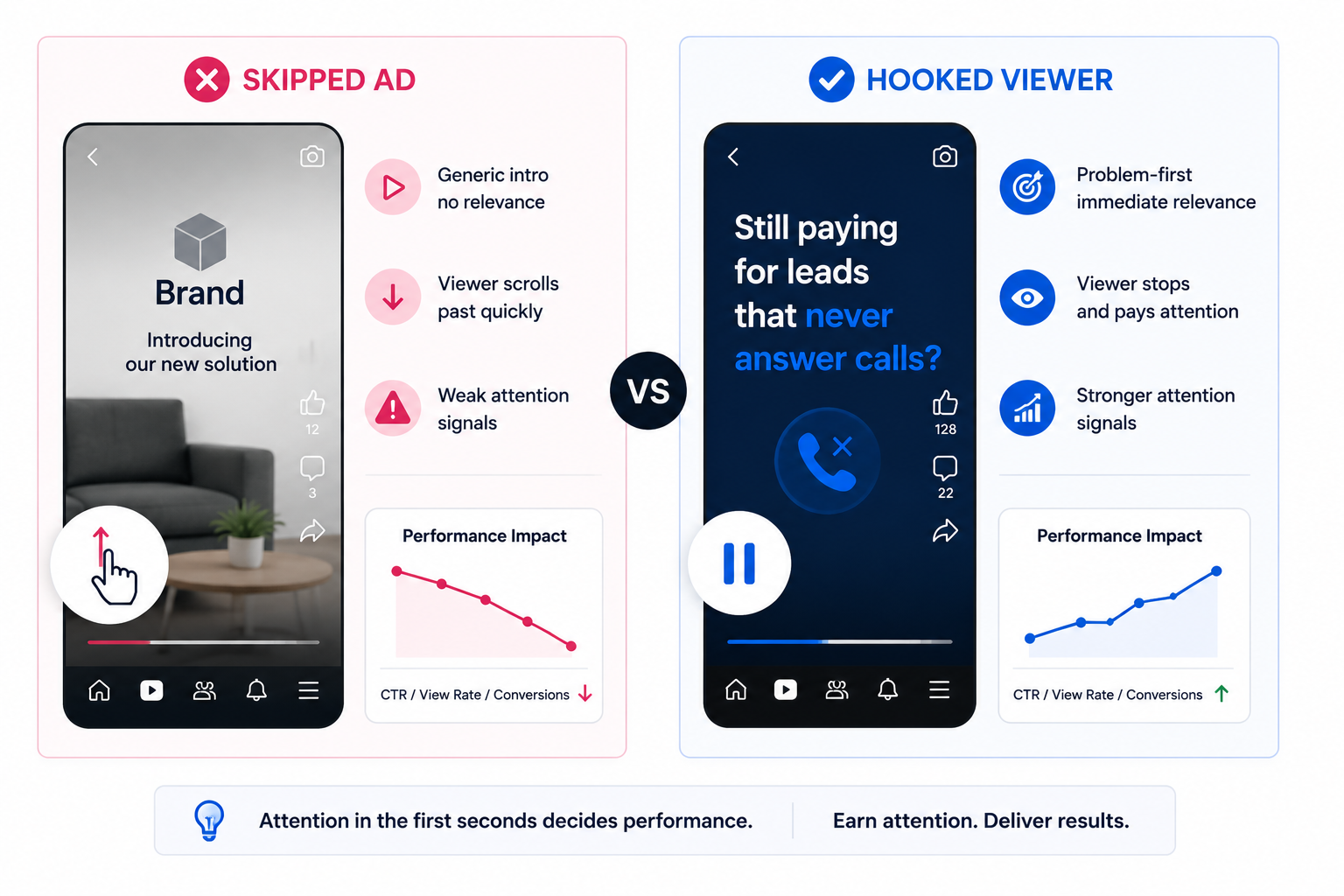Comparison showing a generic Facebook video ad getting skipped while a problem-focused hook earns viewer attention and stronger engagement signals.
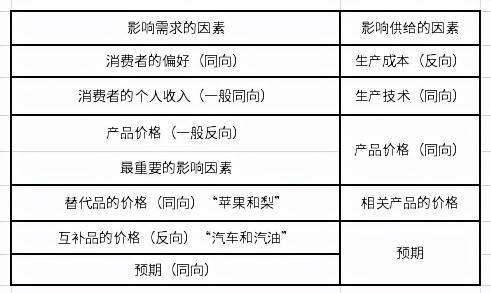 价格需求曲线（2021）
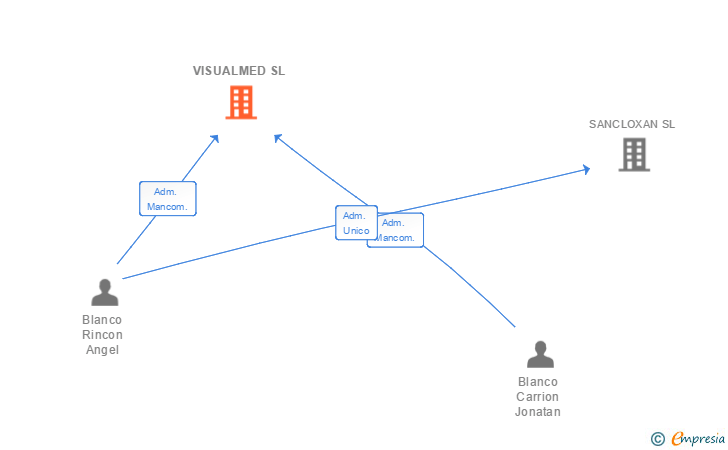 Vinculaciones societarias de VISUALMED SL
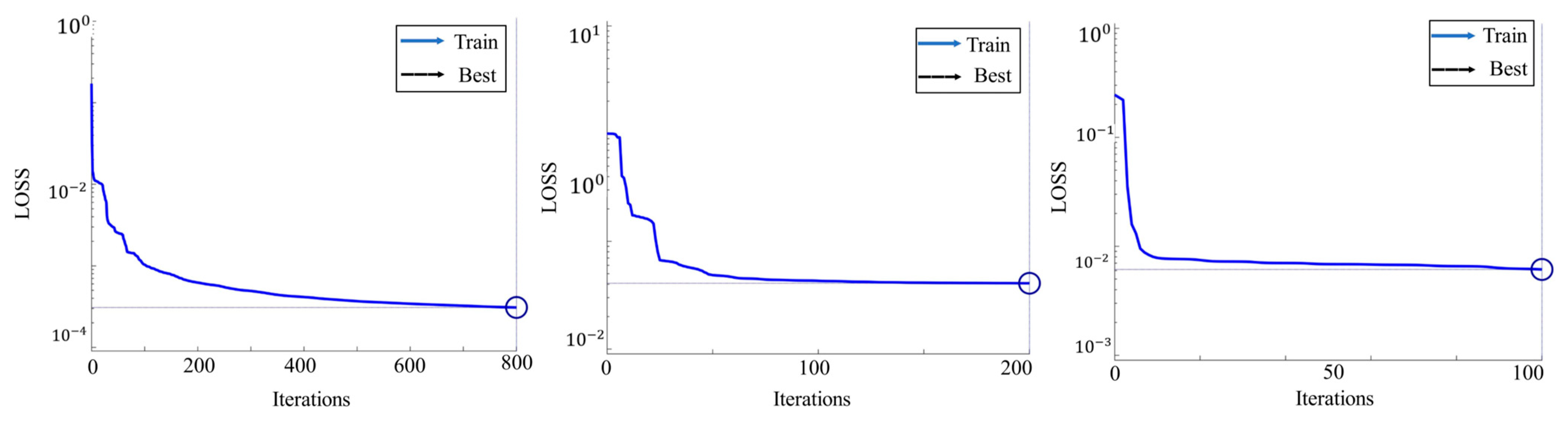 Machines 13 00115 g002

◆ Task statement
A word-for-word retyping of the material above is expected, without pictures.

◆ Answer to this problem
Comparison showing a generic Facebook video ad getting skipped while a problem-focused hook earns viewer attention and stronger engagement signals.
 价格需求曲线（2021）
 Vinculaciones societarias de VISUALMED SL
 Machines 13 00115 g002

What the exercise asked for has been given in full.